The Bullet Point: To successfully prove an arbitration agreement is unconscionable, a consumer must demonstrate that the agreement was both procedurally and substantively unconscionable. In analyzing an arbitration agreement for procedural unconscionability, courts look at the relative bargaining position of the contracting parties, whether the terms were explained to the weaker party, and if the weaker party had the option of obtaining the goods or services from an alternative source. A consumer who had other meaningful choices but who chose to agree to legible, clear arbitration terms in bold print cannot later argue that he was the weak party in the transaction. In addition, courts analyze an arbitration agreement for substantive unconscionability by looking at whether the terms are commercially reasonable. In Ohio, it is the industry standard and commonplace for an arbitration agreement to incorporate by reference the rules and procedures of the arbitration forum. As such, a consumer cannot allege an arbitration agreement is unconscionable simply because it incorporates by reference but does not list out the arbitration forum’s rules and procedures.
Notice of Default
LNV Corp. v. Kempffer, 11th Dist. Geauga No. 2019-G-0232, 2020-Ohio-4527
In this appeal, the Eleventh Appellate District affirmed the trial court’s decision, holding that the borrowers were already notified their loan had been accelerated when they received their second notice of default and that the deadline to cure the default was not extended.
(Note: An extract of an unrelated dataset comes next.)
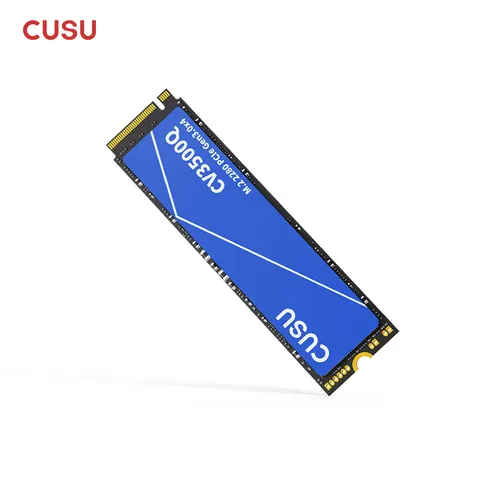 SSD CUSU M2 1TB 2TB NVMe SSD 512GB Disco Rígido PCIe3.0 X4 Disco de Estado Sólido Interno para Laptop e Desktop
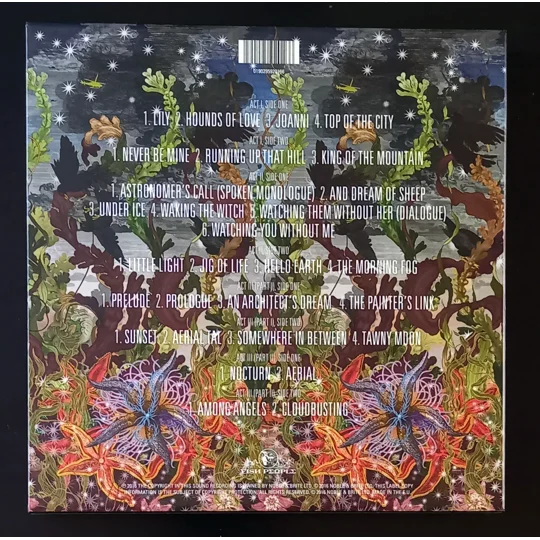 Before The Dawn is a deluxe 4×LP vinyl box set capturing Kate Bush’s stunning 2014 live comeback at Hammersmith Apollo—her first shows in 35 years. Released under the name The KT Fellowship, this original 2016 pressing features recordings from multiple nights, with no overdubs or studio fixes, preserving the energy and emotion of the live performances.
The Bullet Point: Provided a mortgage requires notice before accelerating a defaulted loan, and a borrower fails to timely bring a loan current after receiving a notice of default, the mortgagee is authorized to accelerate the loan. If the borrower remits a partial payment but fails to fully pay the amount past due, the mortgagee is still within its right to accelerate the loan. Once the borrower is notified its loan has been accelerated, the mortgagee’s right to accelerate is not delayed by subsequent notices of default sent to the borrower. Stated differently, even if a second notice of default is sent because a borrower made a partial payment, the second notice does not give the borrower additional time to cure its default once its loan has already been accelerated.
Lis Pendens
Clinton v. Home Invest. Fund V, Lp, Successor in Interest to Mtge. Electronic Registration Sys., 1st Dist. Hamilton No. C-190646, 2020-Ohio-4555
In this case, the First Appellate District dismissed the appeal as moot as the appellant failed to obtain a stay of execution or post a supersedeas bond in order to reinvoke lis pendens.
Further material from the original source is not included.